Wytyczane G-4.4 uzbrojenie w wykopie również traktowały jak szcz. I grupy. A poza tym, jeżeli chodzi o inwentaryzację powykonawczą to tzw. przewód miękki w wykopie, jak zostanie zasypany, to już nie będzie taki miękki.
Ja przed standardami 2011 mierzyłem długości przewodów miękkich i teraz też to robię. Jeżeli ktoś mi zlecał inwent. powykonawczą kabla i chciał ode mnie potwierdzenia ile tego kabla zostało "zabudowane" to co miałem mu podać tylko to co mogłem wyliczyć ze współrzędnych?! A co jeśli którąś pikietę źle pomierzyłem, źle obliczyłem itp.? Ja w ogóle nie rozumiem z czym Ty masz problem? Tego typu elementy muszą być z kontrolą, choćby się to wydawało całkiem głupie i niepotrzebne. Ewentualna błędna lokalizacja kabli przez geodetę może w przyszłości spowodować uszczerbek na zdrowiu lub nawet śmierć. Kontrola pomiaru powinna być dokonana.
Analogiczny przypadek mam teraz ale z podziałem, który został wykonany parę lat temu. Pomiar Nikonem z rejestracją, tachimetrycznie ale nawiązanie tylko na jeden kierunek "0" bez pomiaru długości sprawdzającej. Efekt? Zła interpretacja nawiązania, złe współrzędne przyjęte na stanowisku i na nawiązaniu, w konsekwencji punkty graniczne w ilości kilkunastu (dla całej nieruchomości) do wyp... Bo komuś nie chciało się przejść 150 metrów i postawić lustra! Bo niby po co?

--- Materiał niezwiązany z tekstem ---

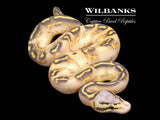 Pastel Highway Ball Python ♂ '26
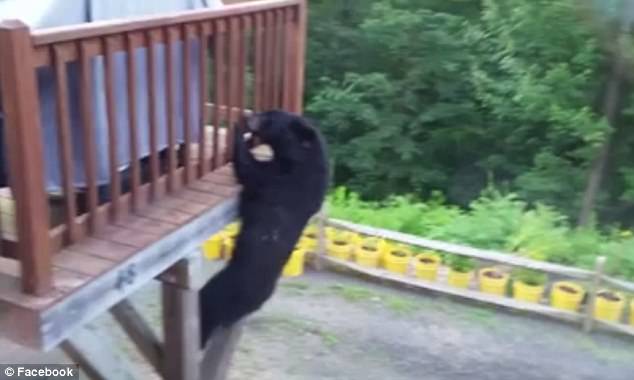 bear climbing a deck.jpg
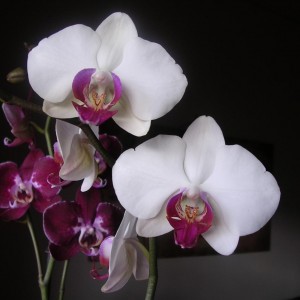 Phalaenopsis 9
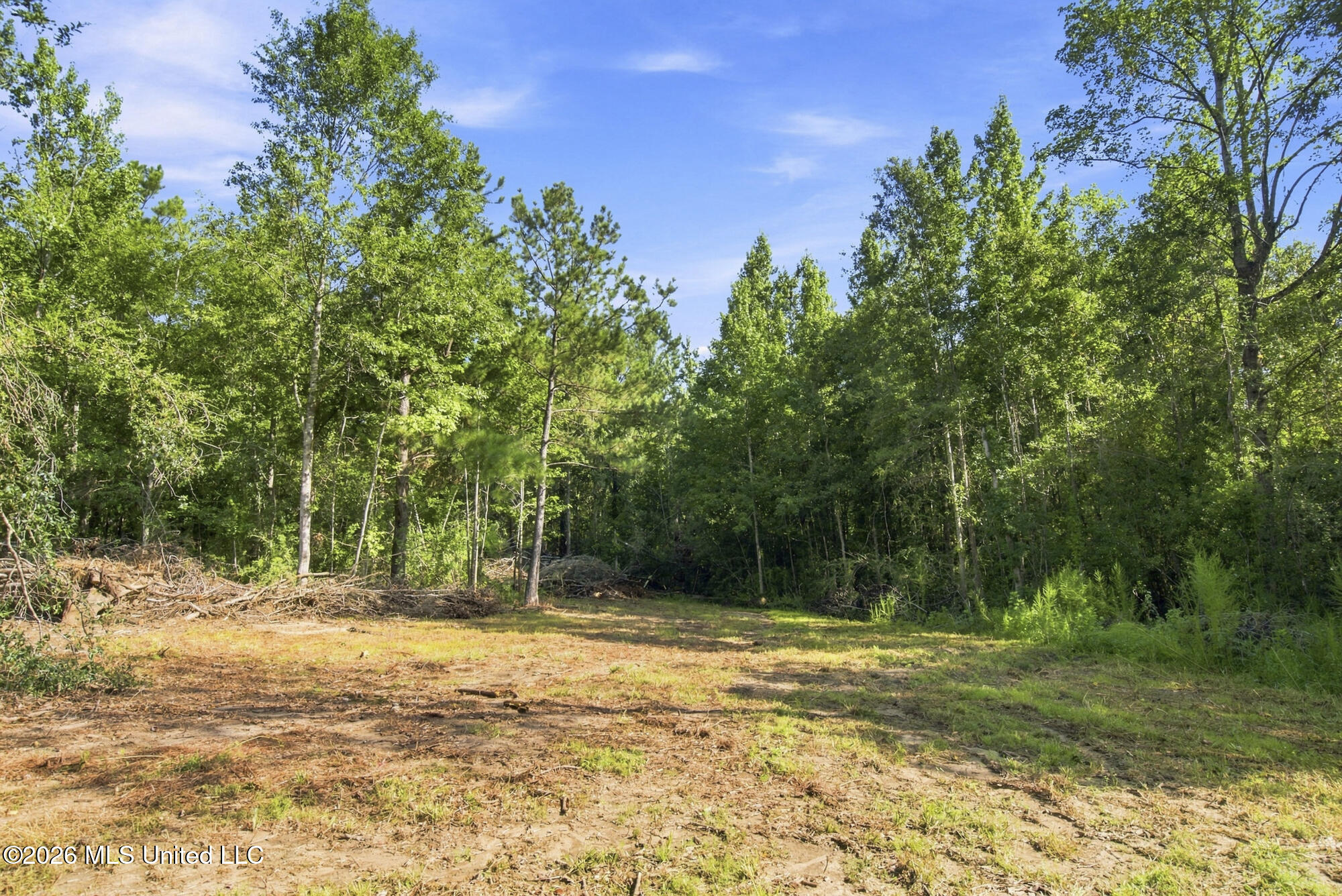132 Cody Goldman Road Property Photo 5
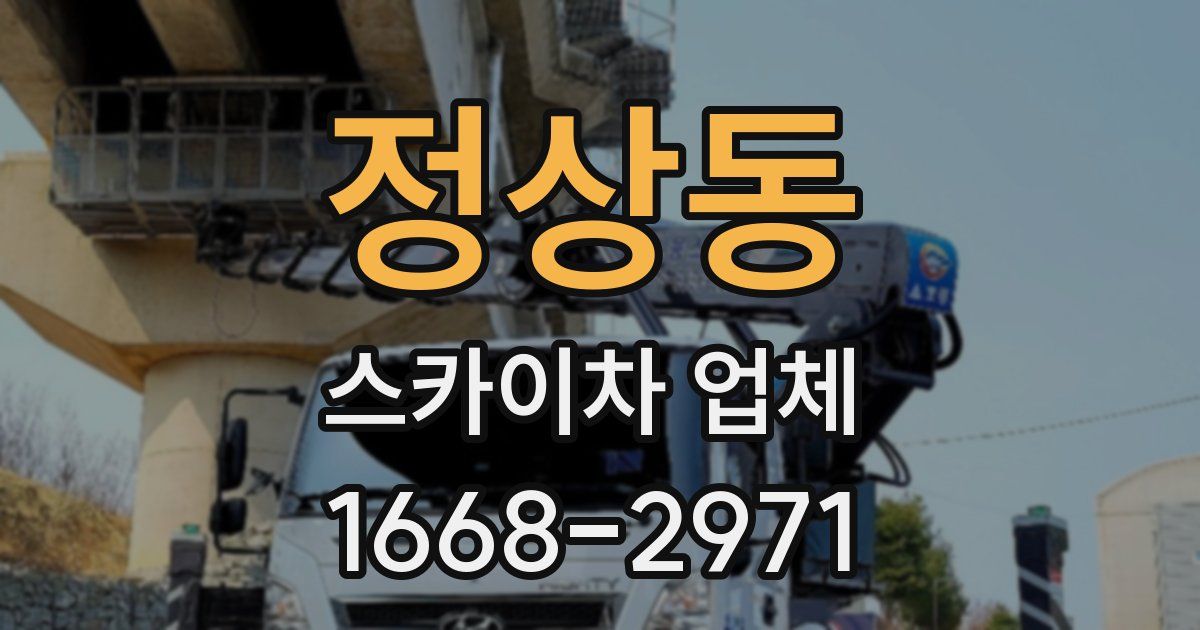정상동 스카이차 업체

Dzisiaj efekt, że ja nie mogę zrobić roboty, złe współrzędne punktów granicznych wpłynęły na sąsiednie nieruchomości. Nikt tego przy włączeniu do zasobu nie kontrolował... wojna z wszystkimi sąsiadami. A skończy się bardzo przykro dla geodety "leniucha"... ja nie odpuszczę, bo to "fachowiec" z urzędu.